Overview

Ballista is a distributed compute platform primarily implemented in Rust, using Apache Arrow as the memory model. It is built on an architecture that allows other programming languages to be supported as first-class citizens without paying a penalty for serialization costs.

The foundational technologies in Ballista are:

Ballista can be deployed in Kubernetes, or as a standalone cluster using etcd for discovery.

Architecture

The following diagram highlights some of the integrations that will be possible with this unique architecture. Note that not all components shown here are available yet.

Ballista Architecture Diagram

How does this compare to Apache Spark?

Although Ballista is largely inspired by Apache Spark, there are some key differences.

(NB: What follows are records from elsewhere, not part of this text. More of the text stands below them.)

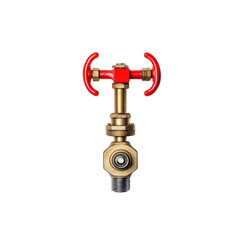 Brass valve with red handles, used for controlling fluid flow in pipes. isolated on transparent background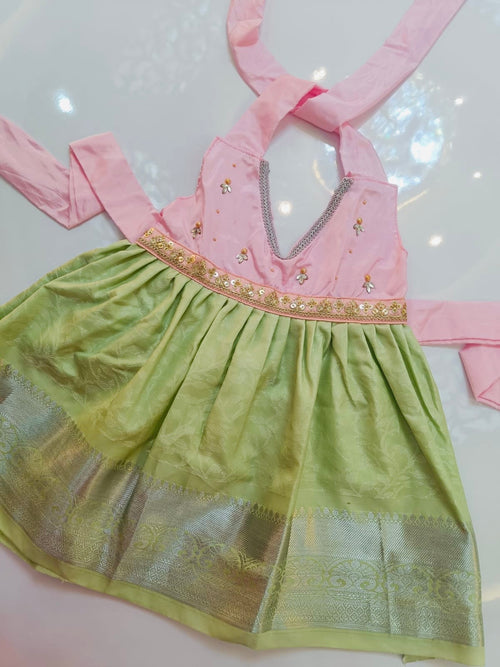 Baby Pink & Pista Green frock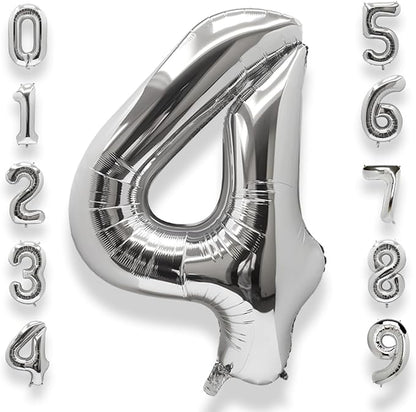 AULE 40 Inch Silver 4 Balloon Number Foil 0-9 Birthday Big Numbers | Birthday by AULE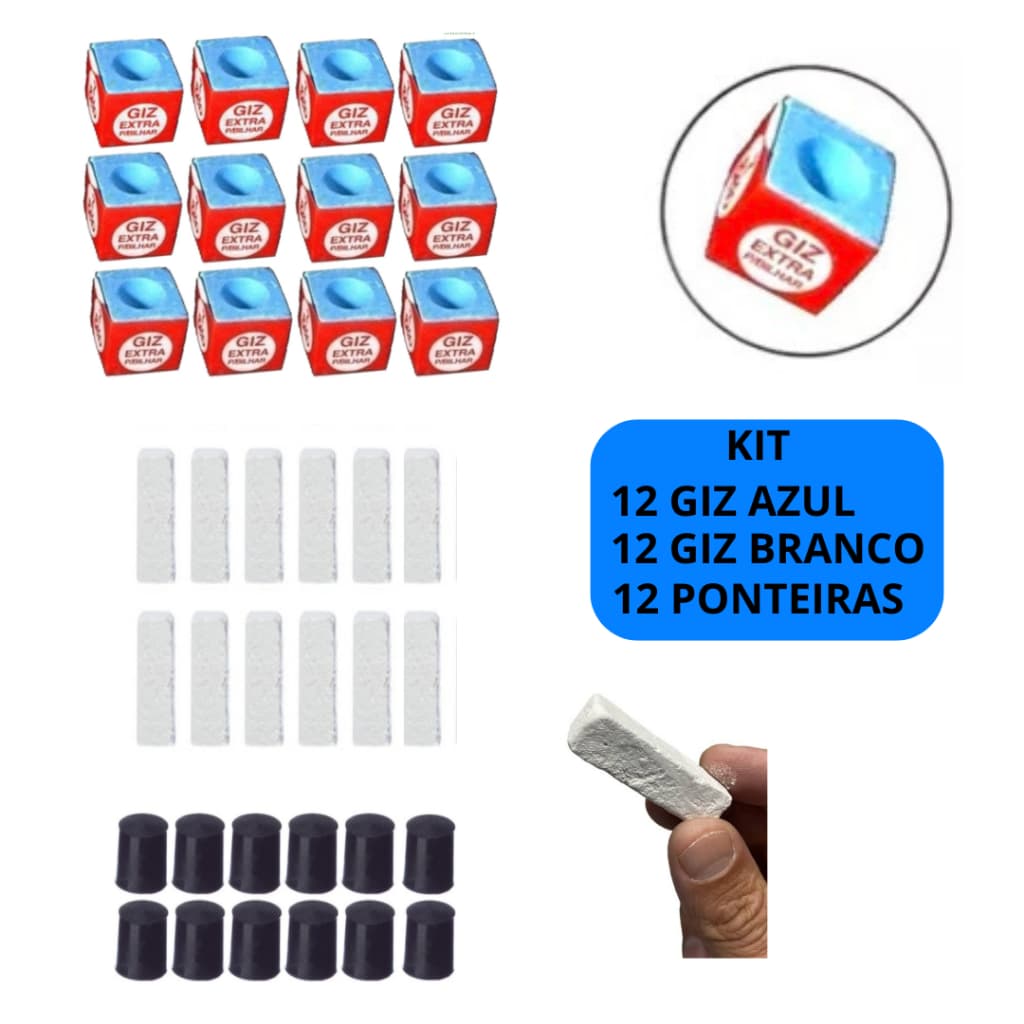 Kit Sinuca Com 12 Giz Azul 7 Belo + 12 Giz Branco + 12 Ponteira Virola Rista Para Tacos Bilhar Snooker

  • The choice of Rust as the main execution language means that memory usage is deterministic and avoids the overhead of GC pauses.
  • Ballista is designed from the ground up to use columnar data, enabling a number of efficiencies such as vectorized processing (SIMD and GPU) and efficient compression. Although Spark does have some columnar support, it is still largely row-based today.
  • The combination of Rust and Arrow provides excellent memory efficiency and memory usage can be 5x - 10x lower than Apache Spark in some cases, which means that more processing can fit on a single node, reducing the overhead of distributed compute.
  • The use of Apache Arrow as the memory model and network protocol means that data can be exchanged between executors in any programming language with minimal serialization overhead.

Deployment

There are currently two main methods of deploying a Ballista cluster.

  1. Docker Compose
  2. Kubernetes

Installing Ballista with Docker Compose

Docker Compose is a convenient way to launch executors when testing locally. This example docker-compose.yaml demonstrates how to start a Ballista Rust executor and how to mount a data volume into the container.

version: '2.0'
services:
  etcd:
    image: quay.io/coreos/etcd:v3.4.9
    command: "etcd -advertise-client-urls http://etcd:2379 -listen-client-urls http://0.0.0.0:2379"
    ports:
      - "2379:2379"
  ballista-rust:
    image: ballistacompute/ballista-rust:0.3.0
    command: "/executor --mode etcd --etcd-urls etcd:2379 --external-host 0.0.0.0 --port 50051 --concurrent-tasks=2"
    ports:
      - "50051:50051"
    volumes:
      - /mnt:/mnt

With the above content saved to a docker-compose.yaml file, the following command can be used to start the single node cluster.

docker-compose up

Noet that the executor will not be able to execute queries until it succcesfully registers with etcd.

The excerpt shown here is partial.